Why doesn't fork return the process ID of the parent to the child and return zero to the parent?

There are couple of reasons for this design choice. I'll try to provide sufficient reasons below:

  1. The wait family of function is used by the parent process to determine the child that terminated--either gracefully or through signals. If the parent process received 0 instead of the child process ID, there would be no way for the parent to determine the child process.
  2. The child process can determine its parent process's ID through getppid(2) and it's own id through getpid(2). There is no such system call which determines the child process ID for a process.

Question 2.9

Implement the system function. (Hint: see Kernighan and Pike [1984].)

The manual for system(3) on Linux states that:

The system() library function behaves as if it used fork(2) to create a child process that executed the shell command specified in command using execl(3) as follows:

execl("/bin/sh", "sh", "-c", command, (char *) NULL);

system() returns after the command has been completed.

It further mentions that signals such as SIGINT and SIGQUIT will be ignored and blocks the SIGCHLD signal. Whenever the command argument is NULL, it checks for the availability of Bourne shell (/bin/sh).

The implementation of this function relies heavily on the manual but it is not ideal. Signals needs to be handled with care and there's probably some thing I've missed out. But it is indeed working as described in the manual.


Question 2.10

If a process that is run by a shell sets its file access creation mask to zero, does this affect other processes that are run after it by the shell?

To answer this, we first need to understand how the shell executes command. Whenever a command is entered in the shell, the shell process forks itself and the parent process is kept in the waiting state. It is the child process who is responsible for executing the command. The NOTES section of umask(2) manual on Linux states that:

A child process created via fork(2) inherits its parent's umask. The umask is left unchanged by execve(2).
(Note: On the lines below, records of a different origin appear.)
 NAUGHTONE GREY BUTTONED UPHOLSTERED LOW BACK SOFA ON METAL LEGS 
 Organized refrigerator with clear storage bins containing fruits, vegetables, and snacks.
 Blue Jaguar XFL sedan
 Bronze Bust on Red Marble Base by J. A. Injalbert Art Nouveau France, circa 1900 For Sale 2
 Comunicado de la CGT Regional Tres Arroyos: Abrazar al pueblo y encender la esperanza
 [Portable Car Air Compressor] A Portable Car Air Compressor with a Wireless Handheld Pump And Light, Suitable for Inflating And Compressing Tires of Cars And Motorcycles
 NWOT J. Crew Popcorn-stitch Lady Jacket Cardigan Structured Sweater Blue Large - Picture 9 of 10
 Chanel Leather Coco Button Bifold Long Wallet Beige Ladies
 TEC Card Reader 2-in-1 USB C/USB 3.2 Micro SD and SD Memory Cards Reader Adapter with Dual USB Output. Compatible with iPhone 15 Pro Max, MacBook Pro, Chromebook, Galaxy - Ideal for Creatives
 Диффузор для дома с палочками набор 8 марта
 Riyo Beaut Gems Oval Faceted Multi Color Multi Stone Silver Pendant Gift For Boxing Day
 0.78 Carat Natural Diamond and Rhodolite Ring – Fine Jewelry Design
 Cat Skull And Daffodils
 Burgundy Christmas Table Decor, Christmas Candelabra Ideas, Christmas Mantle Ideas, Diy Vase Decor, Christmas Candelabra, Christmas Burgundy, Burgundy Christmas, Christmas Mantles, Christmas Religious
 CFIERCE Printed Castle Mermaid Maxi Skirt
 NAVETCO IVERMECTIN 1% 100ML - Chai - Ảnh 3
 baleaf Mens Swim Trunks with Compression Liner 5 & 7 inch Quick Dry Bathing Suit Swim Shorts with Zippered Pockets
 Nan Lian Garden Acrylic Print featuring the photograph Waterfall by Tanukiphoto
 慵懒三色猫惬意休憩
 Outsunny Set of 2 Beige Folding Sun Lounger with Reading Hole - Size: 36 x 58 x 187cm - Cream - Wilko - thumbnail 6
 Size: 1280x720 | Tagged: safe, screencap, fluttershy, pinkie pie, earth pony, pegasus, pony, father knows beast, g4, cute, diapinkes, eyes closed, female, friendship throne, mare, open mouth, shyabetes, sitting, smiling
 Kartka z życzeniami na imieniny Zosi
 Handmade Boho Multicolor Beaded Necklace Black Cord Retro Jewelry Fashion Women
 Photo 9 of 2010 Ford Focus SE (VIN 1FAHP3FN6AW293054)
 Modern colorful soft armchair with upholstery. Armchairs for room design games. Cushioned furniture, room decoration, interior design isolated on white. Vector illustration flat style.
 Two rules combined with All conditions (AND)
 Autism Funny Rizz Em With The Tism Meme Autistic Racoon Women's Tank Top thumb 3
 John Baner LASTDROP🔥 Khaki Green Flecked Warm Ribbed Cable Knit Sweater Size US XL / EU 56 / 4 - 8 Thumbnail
Consider that we made a process who's core functionality is to modify the file access creation mask, like how the question mentions. Unlike the descriptors--which points to the same "file table" entries after fork(2), the file access creation mask is inherited, implying that any changes made to the mask later in the child process is not reflected back in the parent process. Any file created by this [child] process uses the modified mask but after the process terminates, the parent [shell] process resumes from waiting. The shell process persists it's file access creation mask. Any process afterward still uses the file access creation mask used for the shell process.